Consistent application of the valuation is also important. When examiners come in, they’re less likely to ask firms about the valuation methodology used as much as they will ask about changes to the methodology or instances where the firm deviated from the stated practice.
Firms should also use their LP advisory committees as a sounding board on valuations to try to uncover unclear practices or areas where more transparency or better explanations are needed.
“We reach out to our LPAC on things we’re thinking about doing to get their advice and feedback, and they try to identify complexities and challenges,” the CFO/COO said.
The marketing rule: With the SEC’s new Marketing Rule in effect as of November last year, examiners will be conducting sweep exams of firms’ compliance, trying to ferret out practices that they don’t like and asking managers what changes they’ve made to their firms’ policies and procedures to effect compliance.

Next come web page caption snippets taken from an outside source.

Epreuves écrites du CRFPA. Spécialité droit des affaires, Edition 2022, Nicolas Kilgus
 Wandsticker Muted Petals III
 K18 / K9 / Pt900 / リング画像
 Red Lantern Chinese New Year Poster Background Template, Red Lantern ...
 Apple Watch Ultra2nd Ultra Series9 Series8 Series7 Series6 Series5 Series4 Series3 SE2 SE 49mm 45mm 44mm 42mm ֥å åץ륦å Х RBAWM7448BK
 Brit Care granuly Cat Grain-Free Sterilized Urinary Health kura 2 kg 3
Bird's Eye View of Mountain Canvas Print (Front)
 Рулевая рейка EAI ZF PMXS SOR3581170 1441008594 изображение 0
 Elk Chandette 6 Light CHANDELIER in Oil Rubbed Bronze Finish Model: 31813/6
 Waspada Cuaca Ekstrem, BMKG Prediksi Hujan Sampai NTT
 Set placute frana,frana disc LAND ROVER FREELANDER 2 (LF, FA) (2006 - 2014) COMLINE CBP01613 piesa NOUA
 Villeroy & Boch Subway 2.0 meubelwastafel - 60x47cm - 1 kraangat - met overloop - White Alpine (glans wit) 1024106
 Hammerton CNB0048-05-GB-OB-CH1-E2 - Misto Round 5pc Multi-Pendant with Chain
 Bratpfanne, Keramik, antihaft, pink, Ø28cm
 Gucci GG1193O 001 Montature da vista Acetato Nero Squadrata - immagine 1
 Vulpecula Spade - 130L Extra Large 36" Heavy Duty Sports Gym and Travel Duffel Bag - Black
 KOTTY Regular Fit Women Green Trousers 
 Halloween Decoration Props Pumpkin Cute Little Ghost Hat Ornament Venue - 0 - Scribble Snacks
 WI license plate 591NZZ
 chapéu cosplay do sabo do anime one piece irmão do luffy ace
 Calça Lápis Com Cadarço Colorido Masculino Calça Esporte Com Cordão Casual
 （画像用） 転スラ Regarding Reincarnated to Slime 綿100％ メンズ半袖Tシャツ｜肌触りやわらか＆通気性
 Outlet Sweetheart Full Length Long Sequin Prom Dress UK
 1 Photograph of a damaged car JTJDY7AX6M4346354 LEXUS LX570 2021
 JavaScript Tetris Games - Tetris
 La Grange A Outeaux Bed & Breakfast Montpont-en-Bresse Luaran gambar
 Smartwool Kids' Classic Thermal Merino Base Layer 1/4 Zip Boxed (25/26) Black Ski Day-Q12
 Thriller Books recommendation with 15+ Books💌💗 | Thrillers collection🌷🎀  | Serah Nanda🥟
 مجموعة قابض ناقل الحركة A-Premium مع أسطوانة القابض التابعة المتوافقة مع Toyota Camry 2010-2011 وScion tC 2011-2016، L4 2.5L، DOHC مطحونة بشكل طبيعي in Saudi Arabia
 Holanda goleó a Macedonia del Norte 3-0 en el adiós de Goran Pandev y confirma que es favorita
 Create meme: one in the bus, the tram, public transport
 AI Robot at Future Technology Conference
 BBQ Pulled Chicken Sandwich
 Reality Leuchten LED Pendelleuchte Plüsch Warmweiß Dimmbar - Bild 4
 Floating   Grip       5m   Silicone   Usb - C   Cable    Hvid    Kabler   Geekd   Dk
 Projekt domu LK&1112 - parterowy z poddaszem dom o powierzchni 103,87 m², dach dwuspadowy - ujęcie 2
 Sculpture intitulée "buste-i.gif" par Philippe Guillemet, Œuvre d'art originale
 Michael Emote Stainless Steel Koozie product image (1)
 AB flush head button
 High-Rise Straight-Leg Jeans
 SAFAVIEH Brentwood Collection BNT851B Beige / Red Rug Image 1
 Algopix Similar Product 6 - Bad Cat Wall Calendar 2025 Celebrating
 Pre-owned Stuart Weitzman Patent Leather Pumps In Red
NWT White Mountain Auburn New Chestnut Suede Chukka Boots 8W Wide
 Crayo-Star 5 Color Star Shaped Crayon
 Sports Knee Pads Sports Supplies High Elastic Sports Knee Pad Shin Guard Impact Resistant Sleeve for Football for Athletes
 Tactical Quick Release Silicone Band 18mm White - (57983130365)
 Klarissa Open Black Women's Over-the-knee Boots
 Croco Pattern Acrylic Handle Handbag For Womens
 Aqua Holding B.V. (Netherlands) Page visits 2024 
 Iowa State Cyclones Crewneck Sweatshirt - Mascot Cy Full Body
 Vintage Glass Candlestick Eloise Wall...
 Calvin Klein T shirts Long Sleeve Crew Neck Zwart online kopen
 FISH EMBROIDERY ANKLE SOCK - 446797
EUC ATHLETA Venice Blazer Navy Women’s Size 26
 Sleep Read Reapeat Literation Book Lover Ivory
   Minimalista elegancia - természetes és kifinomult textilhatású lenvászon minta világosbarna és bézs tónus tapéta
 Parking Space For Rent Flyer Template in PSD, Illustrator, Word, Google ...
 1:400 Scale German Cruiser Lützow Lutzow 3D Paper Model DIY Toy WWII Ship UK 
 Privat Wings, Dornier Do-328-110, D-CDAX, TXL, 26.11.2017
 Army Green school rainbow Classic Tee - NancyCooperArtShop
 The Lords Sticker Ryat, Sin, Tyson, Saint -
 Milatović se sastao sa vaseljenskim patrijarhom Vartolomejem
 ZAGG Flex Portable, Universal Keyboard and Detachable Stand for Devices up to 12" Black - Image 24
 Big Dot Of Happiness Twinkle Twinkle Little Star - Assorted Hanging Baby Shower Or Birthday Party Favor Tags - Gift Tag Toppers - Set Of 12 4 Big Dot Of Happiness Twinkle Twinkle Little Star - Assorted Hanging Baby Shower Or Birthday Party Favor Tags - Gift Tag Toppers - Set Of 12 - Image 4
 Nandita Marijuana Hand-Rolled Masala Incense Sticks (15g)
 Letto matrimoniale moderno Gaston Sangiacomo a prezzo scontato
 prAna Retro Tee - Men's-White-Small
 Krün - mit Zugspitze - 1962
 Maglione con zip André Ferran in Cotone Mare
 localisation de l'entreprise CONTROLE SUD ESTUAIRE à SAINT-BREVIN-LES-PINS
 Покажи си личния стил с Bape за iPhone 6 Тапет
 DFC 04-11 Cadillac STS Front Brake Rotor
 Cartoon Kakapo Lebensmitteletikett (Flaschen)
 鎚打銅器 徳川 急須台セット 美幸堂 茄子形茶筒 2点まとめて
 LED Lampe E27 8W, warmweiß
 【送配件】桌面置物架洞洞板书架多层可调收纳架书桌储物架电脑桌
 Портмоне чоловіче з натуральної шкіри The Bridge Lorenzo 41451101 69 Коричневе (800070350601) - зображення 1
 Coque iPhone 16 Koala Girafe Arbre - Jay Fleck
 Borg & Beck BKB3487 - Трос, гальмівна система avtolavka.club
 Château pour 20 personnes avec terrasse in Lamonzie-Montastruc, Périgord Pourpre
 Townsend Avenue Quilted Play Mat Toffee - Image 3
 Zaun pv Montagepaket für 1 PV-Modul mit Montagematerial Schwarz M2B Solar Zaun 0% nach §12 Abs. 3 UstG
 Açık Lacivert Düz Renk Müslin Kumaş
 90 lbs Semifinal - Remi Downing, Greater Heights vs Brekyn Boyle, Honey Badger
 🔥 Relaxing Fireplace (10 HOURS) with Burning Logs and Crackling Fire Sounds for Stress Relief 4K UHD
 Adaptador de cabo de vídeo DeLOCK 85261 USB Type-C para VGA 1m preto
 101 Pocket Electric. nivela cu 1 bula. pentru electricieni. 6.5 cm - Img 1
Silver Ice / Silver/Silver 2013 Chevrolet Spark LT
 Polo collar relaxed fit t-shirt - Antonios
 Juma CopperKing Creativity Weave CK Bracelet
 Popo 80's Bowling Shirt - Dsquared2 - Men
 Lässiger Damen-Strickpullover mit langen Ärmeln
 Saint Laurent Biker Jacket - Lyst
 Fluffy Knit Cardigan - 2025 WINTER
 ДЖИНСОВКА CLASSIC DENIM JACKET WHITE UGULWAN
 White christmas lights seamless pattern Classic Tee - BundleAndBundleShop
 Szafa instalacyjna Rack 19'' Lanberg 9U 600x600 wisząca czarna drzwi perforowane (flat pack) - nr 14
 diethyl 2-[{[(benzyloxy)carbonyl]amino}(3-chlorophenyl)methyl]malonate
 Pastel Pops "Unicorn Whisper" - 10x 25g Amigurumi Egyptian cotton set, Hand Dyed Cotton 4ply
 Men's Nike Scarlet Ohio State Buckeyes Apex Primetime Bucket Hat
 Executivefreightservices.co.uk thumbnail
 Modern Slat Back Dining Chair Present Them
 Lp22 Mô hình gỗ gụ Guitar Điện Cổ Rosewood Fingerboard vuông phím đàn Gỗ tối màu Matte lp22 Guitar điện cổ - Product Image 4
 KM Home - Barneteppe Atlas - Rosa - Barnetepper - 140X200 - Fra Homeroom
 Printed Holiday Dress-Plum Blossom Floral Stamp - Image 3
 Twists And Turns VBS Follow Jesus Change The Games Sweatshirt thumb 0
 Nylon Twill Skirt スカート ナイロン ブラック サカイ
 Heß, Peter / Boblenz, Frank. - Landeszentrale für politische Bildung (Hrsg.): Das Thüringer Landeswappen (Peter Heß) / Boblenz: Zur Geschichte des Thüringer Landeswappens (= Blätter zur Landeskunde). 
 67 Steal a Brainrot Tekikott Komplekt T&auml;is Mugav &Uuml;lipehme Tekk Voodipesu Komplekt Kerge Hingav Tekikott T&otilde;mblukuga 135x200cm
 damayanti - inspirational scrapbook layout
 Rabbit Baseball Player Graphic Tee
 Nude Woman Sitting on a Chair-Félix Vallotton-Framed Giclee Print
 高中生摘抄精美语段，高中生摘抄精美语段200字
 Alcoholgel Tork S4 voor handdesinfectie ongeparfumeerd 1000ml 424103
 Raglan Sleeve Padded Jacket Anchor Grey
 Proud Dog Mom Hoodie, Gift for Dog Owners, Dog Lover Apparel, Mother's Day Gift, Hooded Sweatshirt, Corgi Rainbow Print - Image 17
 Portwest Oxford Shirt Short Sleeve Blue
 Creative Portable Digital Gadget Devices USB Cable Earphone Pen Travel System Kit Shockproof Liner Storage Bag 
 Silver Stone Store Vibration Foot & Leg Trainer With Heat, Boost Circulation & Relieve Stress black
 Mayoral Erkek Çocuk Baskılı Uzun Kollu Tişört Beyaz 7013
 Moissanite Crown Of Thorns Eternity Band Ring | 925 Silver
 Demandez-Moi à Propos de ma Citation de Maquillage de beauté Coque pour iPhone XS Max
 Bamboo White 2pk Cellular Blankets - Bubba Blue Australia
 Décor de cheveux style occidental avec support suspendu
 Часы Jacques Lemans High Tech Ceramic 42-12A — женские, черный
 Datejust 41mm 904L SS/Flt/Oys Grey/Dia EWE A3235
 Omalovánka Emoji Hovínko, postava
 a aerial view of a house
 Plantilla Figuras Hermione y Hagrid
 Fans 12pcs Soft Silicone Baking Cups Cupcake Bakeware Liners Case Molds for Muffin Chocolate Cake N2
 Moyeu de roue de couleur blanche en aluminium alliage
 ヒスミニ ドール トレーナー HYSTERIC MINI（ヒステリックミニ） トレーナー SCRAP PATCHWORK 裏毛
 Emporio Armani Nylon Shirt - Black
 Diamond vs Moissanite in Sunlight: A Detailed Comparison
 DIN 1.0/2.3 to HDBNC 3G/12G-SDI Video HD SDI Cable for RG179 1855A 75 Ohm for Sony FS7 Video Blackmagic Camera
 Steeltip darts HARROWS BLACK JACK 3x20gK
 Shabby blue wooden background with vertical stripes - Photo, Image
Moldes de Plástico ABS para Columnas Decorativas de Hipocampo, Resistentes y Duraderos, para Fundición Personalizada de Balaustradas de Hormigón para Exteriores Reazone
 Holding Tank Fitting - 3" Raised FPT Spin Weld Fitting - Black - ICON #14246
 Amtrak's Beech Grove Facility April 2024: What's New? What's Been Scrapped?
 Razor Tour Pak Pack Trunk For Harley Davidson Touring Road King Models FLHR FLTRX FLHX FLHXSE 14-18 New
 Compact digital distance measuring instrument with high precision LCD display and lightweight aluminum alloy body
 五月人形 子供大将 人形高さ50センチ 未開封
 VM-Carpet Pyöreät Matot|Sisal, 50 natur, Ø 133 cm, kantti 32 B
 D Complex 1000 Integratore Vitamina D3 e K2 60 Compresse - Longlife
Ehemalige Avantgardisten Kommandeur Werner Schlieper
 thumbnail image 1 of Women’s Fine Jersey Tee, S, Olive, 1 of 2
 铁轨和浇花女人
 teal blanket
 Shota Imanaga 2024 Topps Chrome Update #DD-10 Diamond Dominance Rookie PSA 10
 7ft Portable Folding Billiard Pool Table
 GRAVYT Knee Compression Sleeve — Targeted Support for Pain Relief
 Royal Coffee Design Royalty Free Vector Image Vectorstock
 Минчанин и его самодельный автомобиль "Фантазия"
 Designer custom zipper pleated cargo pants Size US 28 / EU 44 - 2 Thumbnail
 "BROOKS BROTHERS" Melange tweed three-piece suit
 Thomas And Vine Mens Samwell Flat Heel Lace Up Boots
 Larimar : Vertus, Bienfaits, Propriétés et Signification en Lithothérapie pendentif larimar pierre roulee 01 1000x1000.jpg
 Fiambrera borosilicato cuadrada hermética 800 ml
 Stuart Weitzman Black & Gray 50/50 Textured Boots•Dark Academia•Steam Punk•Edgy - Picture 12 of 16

“I think it’s really going to be a bit of a ‘wait and see’ exercise when it comes to the new marketing rule and what the SEC finds objectionable”, noted the GC/CCO. “I think it will take a while to work through all of the questions and changes, so I think this will be a major area of focus for the SEC in exams for a while.
Conflicts of interest: Finally, the commission will again be looking at how firms manage conflicts of interest. Forum attendees said the best practice for private equity firms is to review their fund documents to see what conflicts must be disclosed and how they may be mitigated.
Examiners are expected to really focus on firm-level conflicts, such as expense allocation, investment allocation and related parties.
“I would say best practice is to have a good body of evidence to show that you really tried to find and mitigate conflicts of interest, and that you clearly disclose to your investors what conflicts you might have and how you deal with them,” the CFO/COO said.